— PROBLEM STATEMENT —
Return the following lines and nothing else: the one holding "Hey guys, what's" and all those after it in the records below, unchanged, minus any pictures.

%%

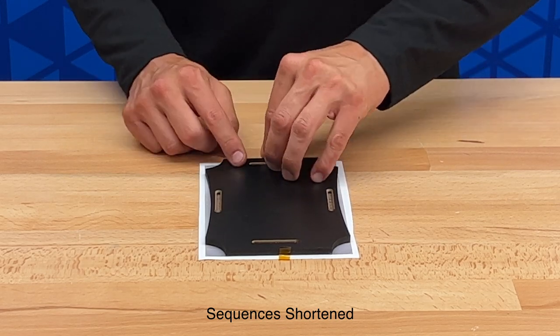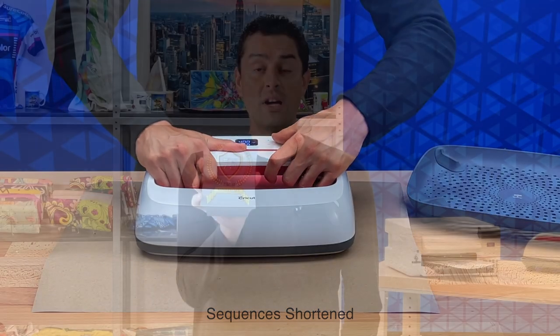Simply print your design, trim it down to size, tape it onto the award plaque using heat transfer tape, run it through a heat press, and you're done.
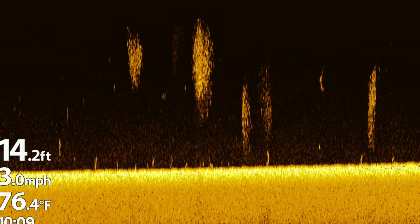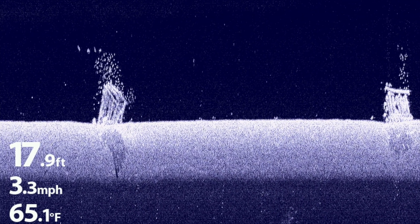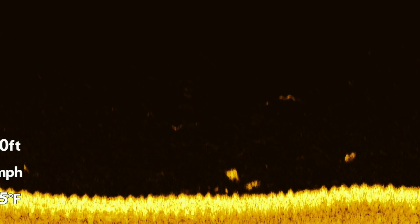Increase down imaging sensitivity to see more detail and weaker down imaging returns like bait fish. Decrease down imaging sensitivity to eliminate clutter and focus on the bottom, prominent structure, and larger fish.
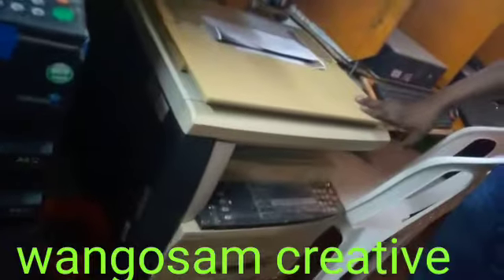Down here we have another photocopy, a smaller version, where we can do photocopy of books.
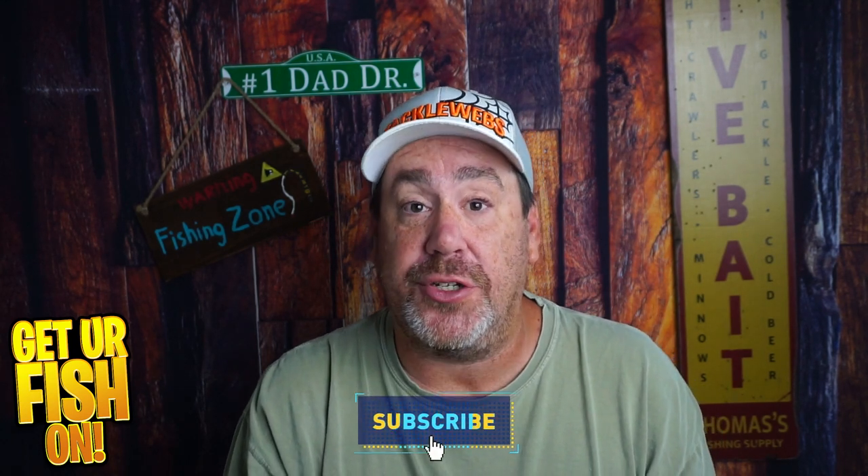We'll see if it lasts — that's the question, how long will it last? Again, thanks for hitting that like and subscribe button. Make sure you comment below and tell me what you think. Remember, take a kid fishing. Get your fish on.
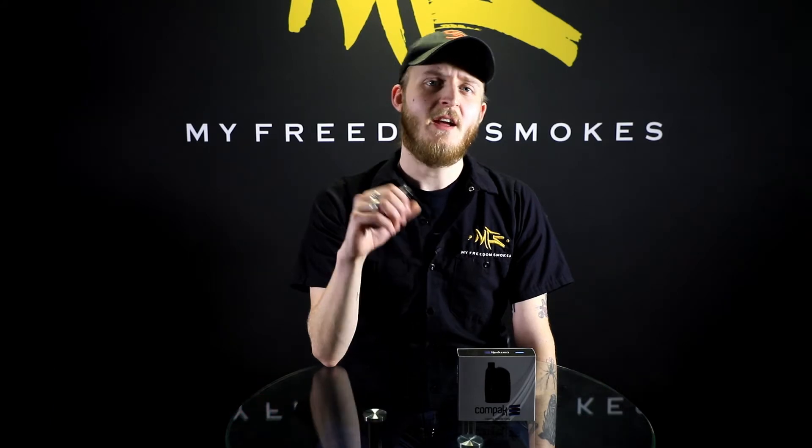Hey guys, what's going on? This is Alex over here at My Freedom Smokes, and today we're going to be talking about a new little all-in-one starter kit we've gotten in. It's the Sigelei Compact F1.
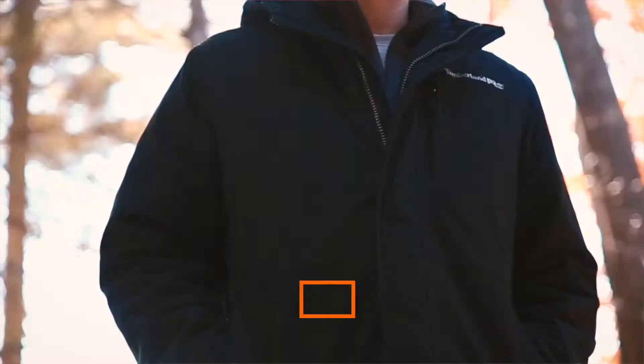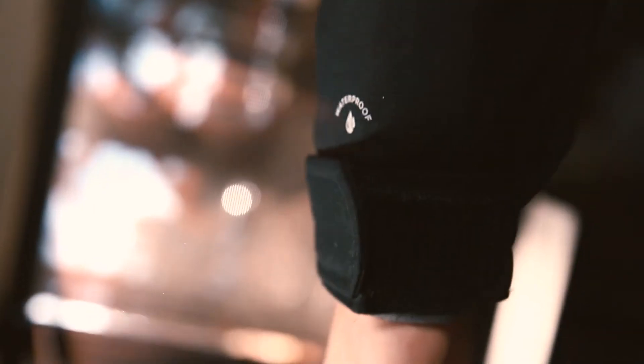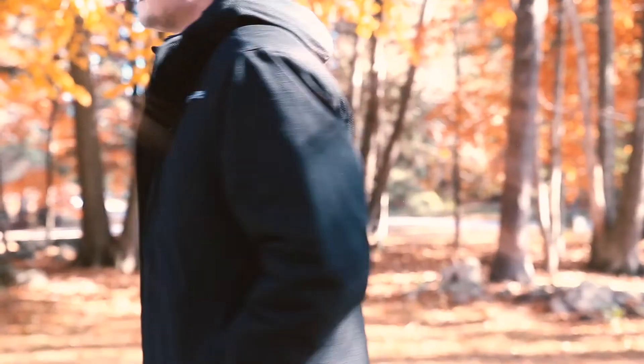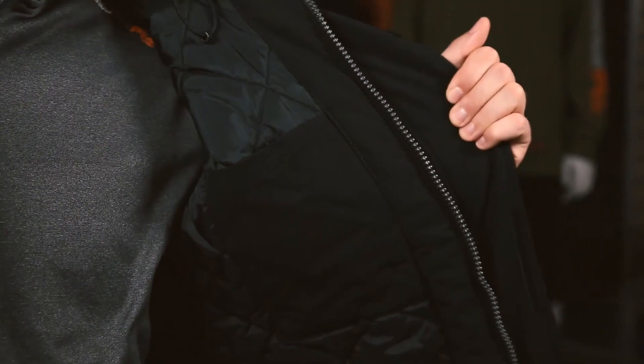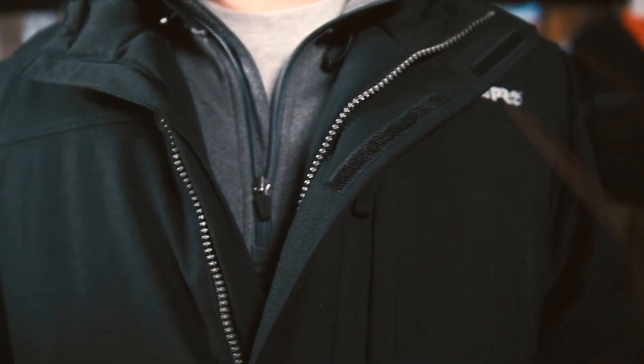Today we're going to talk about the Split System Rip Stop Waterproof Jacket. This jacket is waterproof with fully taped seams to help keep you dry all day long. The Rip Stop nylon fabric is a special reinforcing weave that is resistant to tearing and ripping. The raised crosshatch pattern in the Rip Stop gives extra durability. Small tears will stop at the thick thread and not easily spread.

%%

— WRITTEN RESPONSE —
Hey guys, what's going on? This is Alex over here at My Freedom Smokes, and today we're going to be talking about a new little all-in-one starter kit we've gotten in. It's the Sigelei Compact F1.
Today we're going to talk about the Split System Rip Stop Waterproof Jacket. This jacket is waterproof with fully taped seams to help keep you dry all day long. The Rip Stop nylon fabric is a special reinforcing weave that is resistant to tearing and ripping. The raised crosshatch pattern in the Rip Stop gives extra durability. Small tears will stop at the thick thread and not easily spread.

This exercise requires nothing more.